Search code examples
parsingsaxmathmlcharacter-entities

Parsing with SAX and handling character entities


I am parsing a MathML expression with SAX (although the fact that it's MathML may not be completely relevant). An example input string is

<math xmlns='http://www.w3.org/1998/Math/MathML'>
     <mrow>
          <mo>&lambda;</mo>
     </mrow>
</math>

In order for the SAX parser to accept this string, I expand it a bit:

<?xml version="1.0"?>
     <!DOCTYPE doc_type [
          <!ENTITY nbsp "&#160;">
          <!ENTITY amp "&#38;">
]>
<body>
     <math xmlns='http://www.w3.org/1998/Math/MathML'>
          <mrow>
               <mo>&lambda;</mo>
          <mrow>
     </math>
</body>

Now, when I run the SAX parser on this, I get an exception:

[Fatal Error] :5:86: The entity "lambda" was referenced, but not declared.
org.xml.sax.SAXParseException: The entity "lambda" was referenced, but not 
                               declared.
    at org.apache.xerces.parsers.AbstractSAXParser.parse(Unknown Source)

However, I know how to fix that.
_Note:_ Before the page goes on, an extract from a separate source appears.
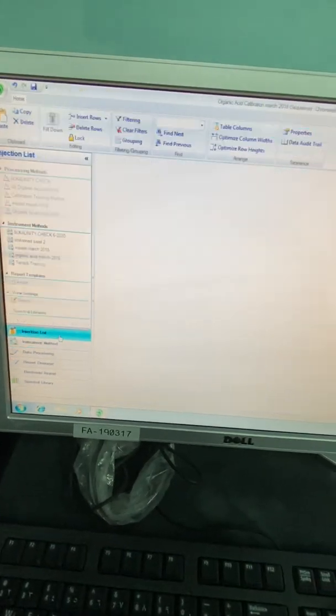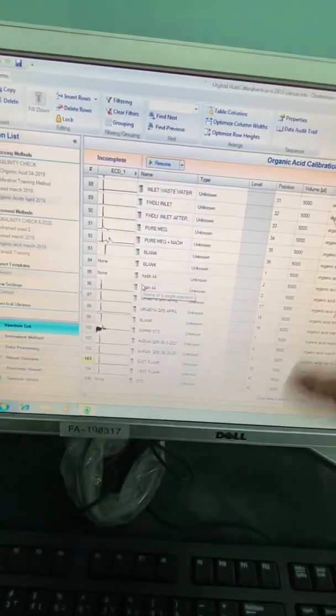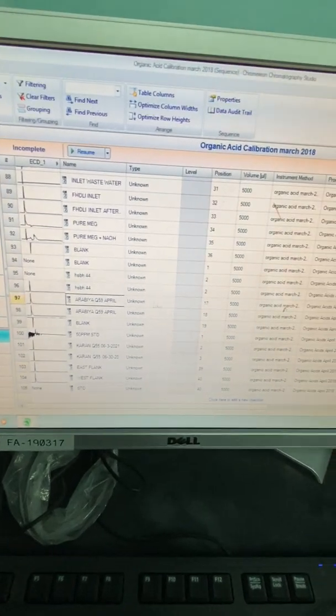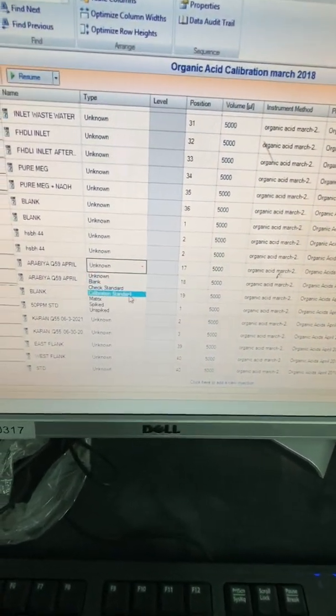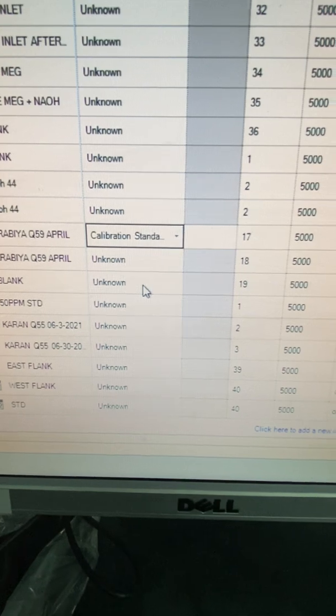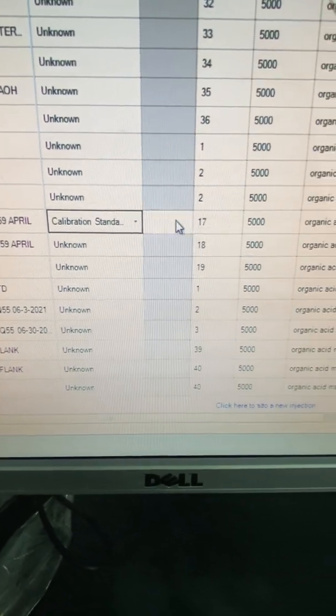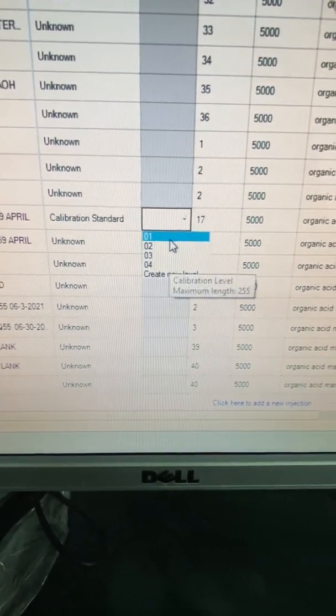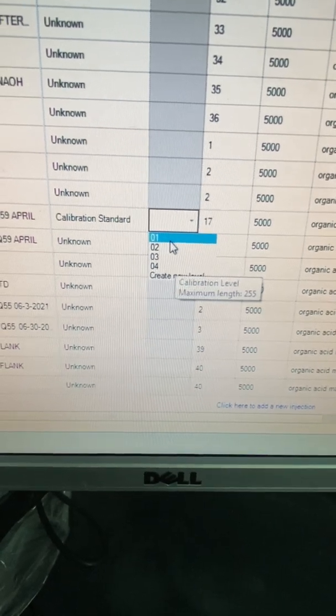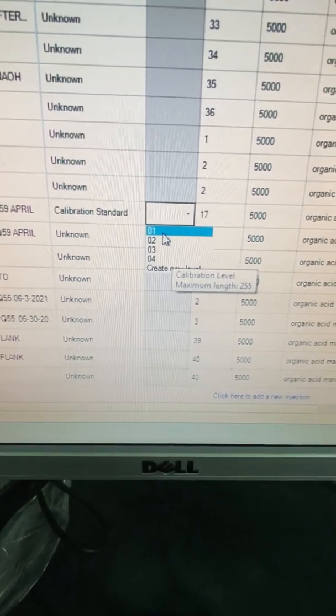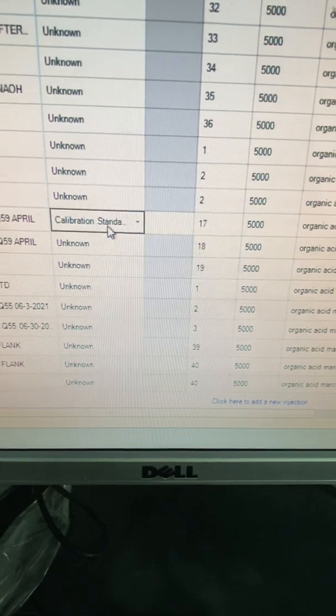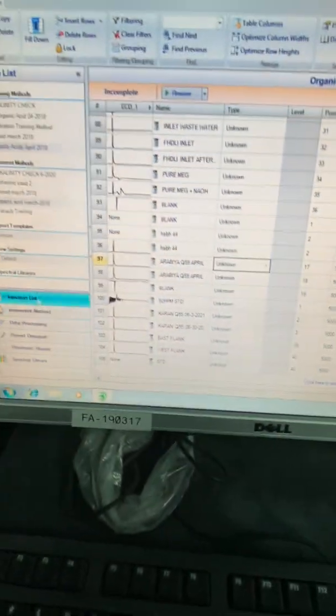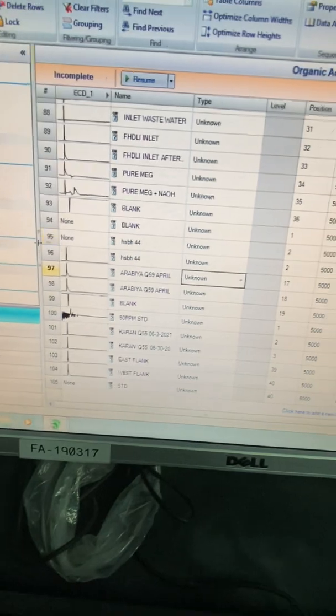Now, from the injection list, I already named my processing method. So, for this one, I will consider it as, once you press calibration standard, you will see this one will be active. And ask you which level you want. In the beginning, it will be like calibration level one. And then it will be two and three. You will add them all. But now it's unknown.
I simply add this line to the string being parsed:

        <!ENTITY lambda "&#923;">

This gives me

<?xml version="1.0"?>
     <!DOCTYPE doc_type [
          <!ENTITY nbsp "&#160;">
          <!ENTITY amp "&#38;">
          <!ENTITY lambda "&#923;">
]>
<body>
     <math xmlns='http://www.w3.org/1998/Math/MathML'>
          <mrow>
               <mo>&lambda;</mo>
          <mrow>
     </math>
</body>

Now, it parses just fine, thank you.

However, the problem is that I can't add an ENTITY declaration for every possible character entity that might be used in MathML (for example, "part", "notin", and "sum").

How do I rewrite this string so that it can be parsed for any possible character entity that might be included?


Solution

  • Use a DOCTYPE declaration that refers to the MathML DTD:

    <!DOCTYPE math 
        PUBLIC "-//W3C//DTD MathML 3.0//EN"
               "http://www.w3.org/Math/DTD/mathml3/mathml3.dtd">
    

    or a local copy of the same.